§ **Exercise instructions**: Starting at the first line of the material below, retype each line exactly until you reach the line with "Finally, you can", which is also included; pictures stay out.

§ **Available data**:

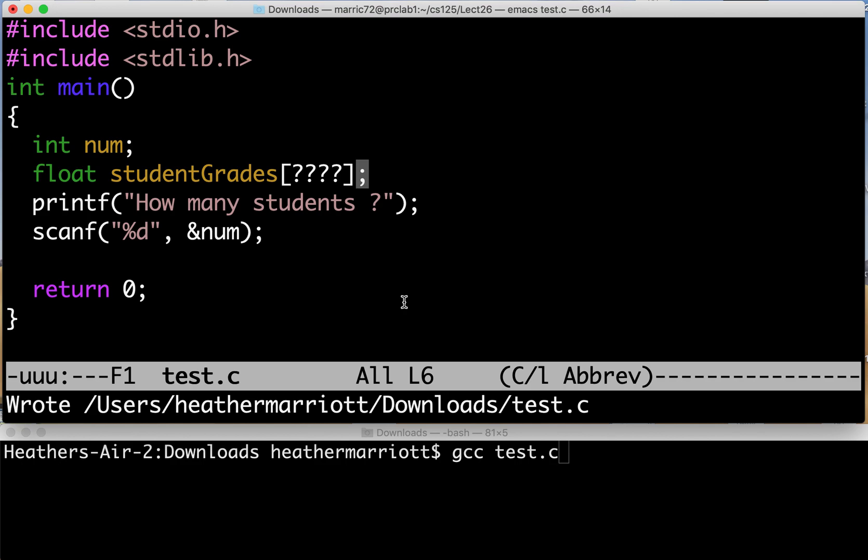Hello programmers. We're going to talk about dynamic memory allocation in C today. So here I have a program with some question marks because I'm not sure exactly what to put in as the size of my array.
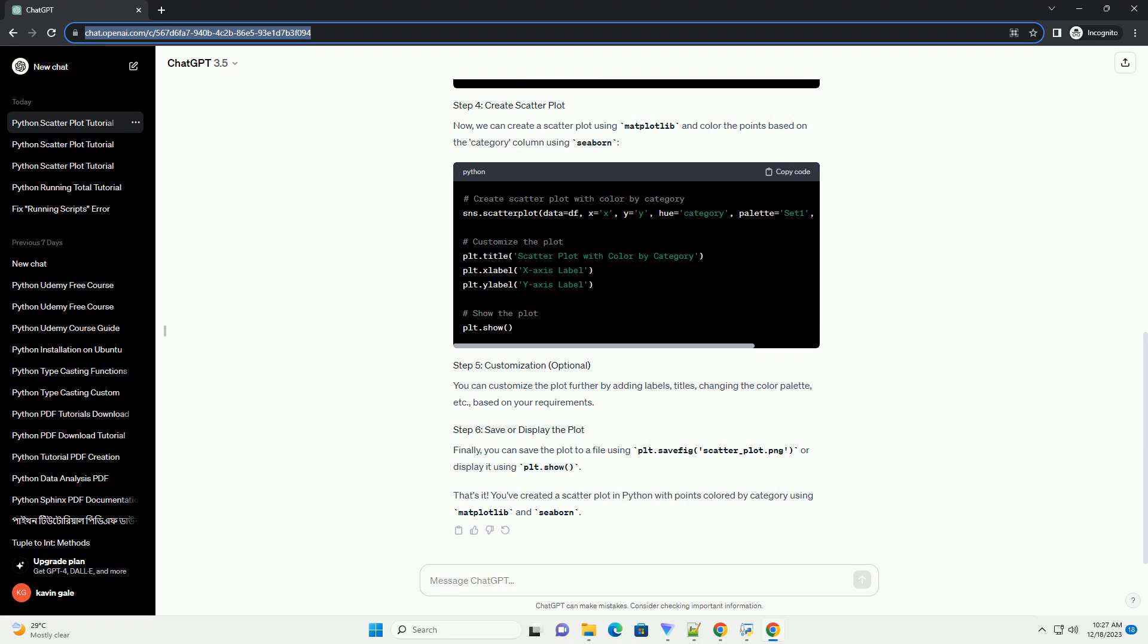Finally, you can save the plot to a file using plt.savefig, scatter-plot.png, or display it using plt.show.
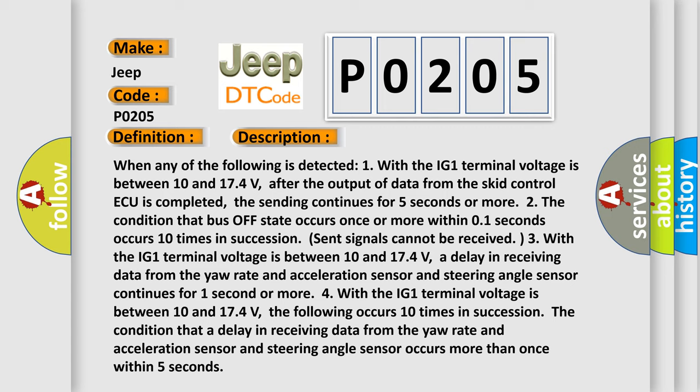The condition that a delay in receiving data from the yaw rate and acceleration sensor and steering angle sensor continues for 1 second or more. This diagnostic error occurs more than once within 5 seconds.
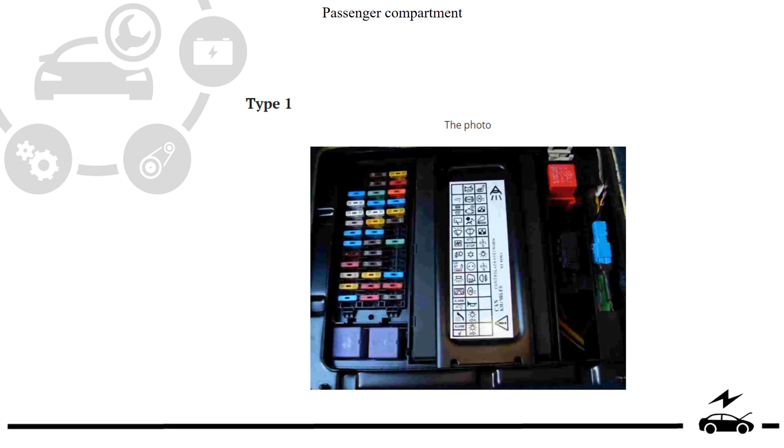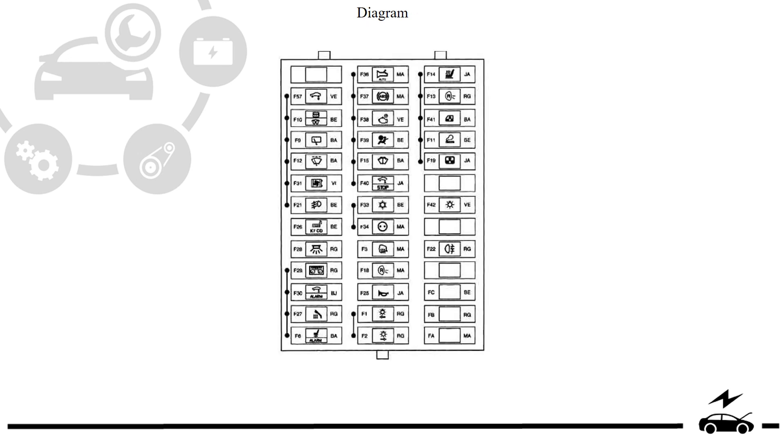Passenger compartment fuse box type 1, diagram.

§ **Exercise solution**:
Hello programmers. We're going to talk about dynamic memory allocation in C today. So here I have a program with some question marks because I'm not sure exactly what to put in as the size of my array.
Finally, you can save the plot to a file using plt.savefig, scatter-plot.png, or display it using plt.show.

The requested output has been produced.